§ **Prompt**
Copy out the data below as written; omit any images.

═══ Provided data

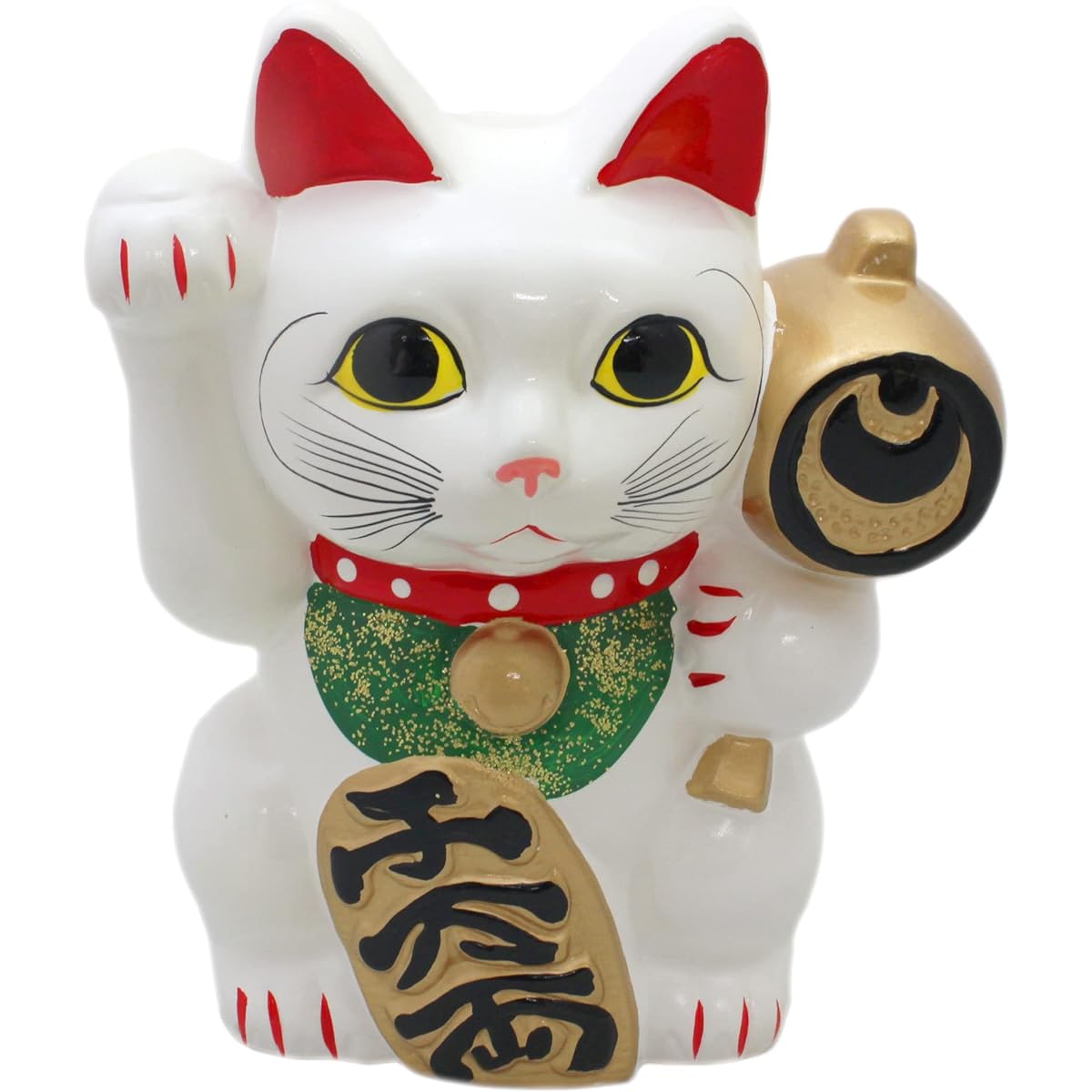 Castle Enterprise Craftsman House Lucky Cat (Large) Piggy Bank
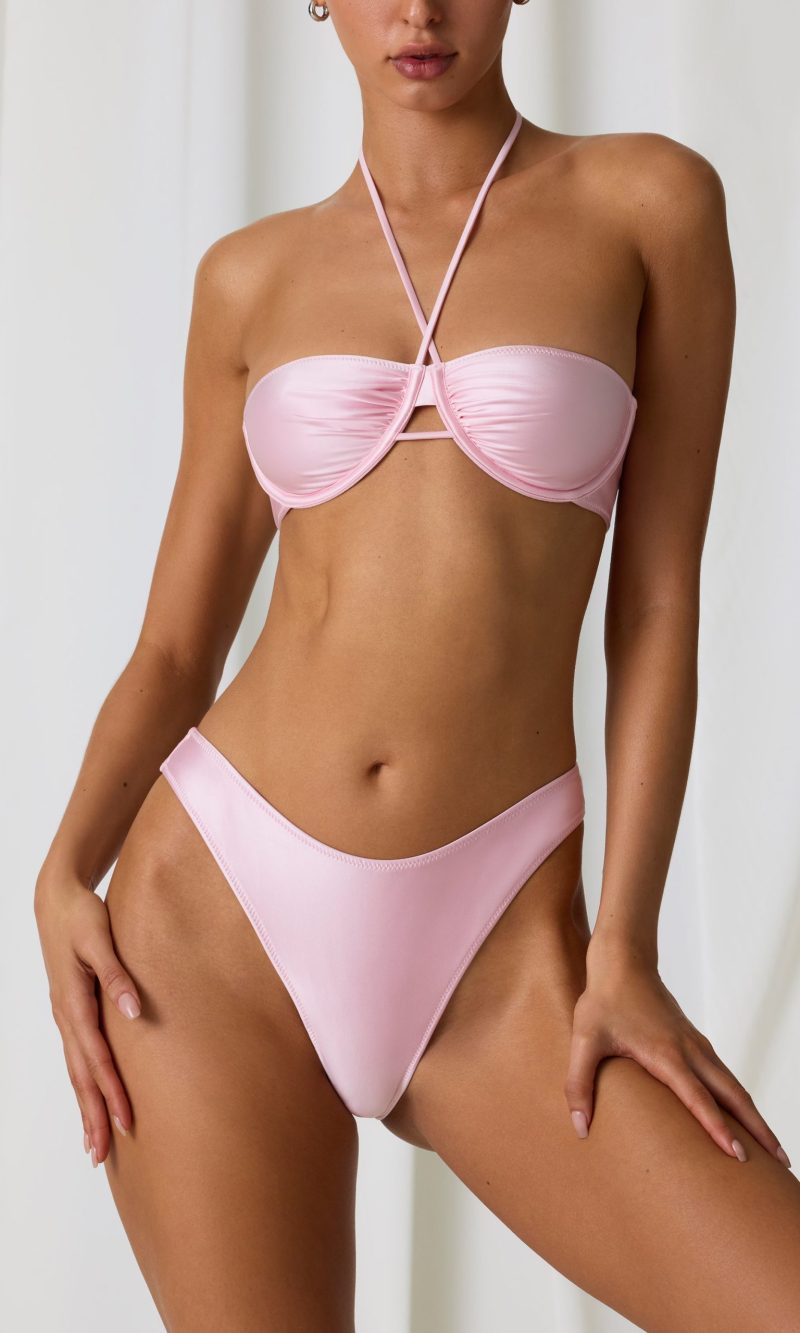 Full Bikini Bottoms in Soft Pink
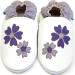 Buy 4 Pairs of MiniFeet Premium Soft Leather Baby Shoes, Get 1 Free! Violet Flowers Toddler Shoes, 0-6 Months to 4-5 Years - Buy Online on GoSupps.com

══════

§ **Reply to the task**
 Castle Enterprise Craftsman House Lucky Cat (Large) Piggy Bank
 Full Bikini Bottoms in Soft Pink
 Buy 4 Pairs of MiniFeet Premium Soft Leather Baby Shoes, Get 1 Free! Violet Flowers Toddler Shoes, 0-6 Months to 4-5 Years - Buy Online on GoSupps.com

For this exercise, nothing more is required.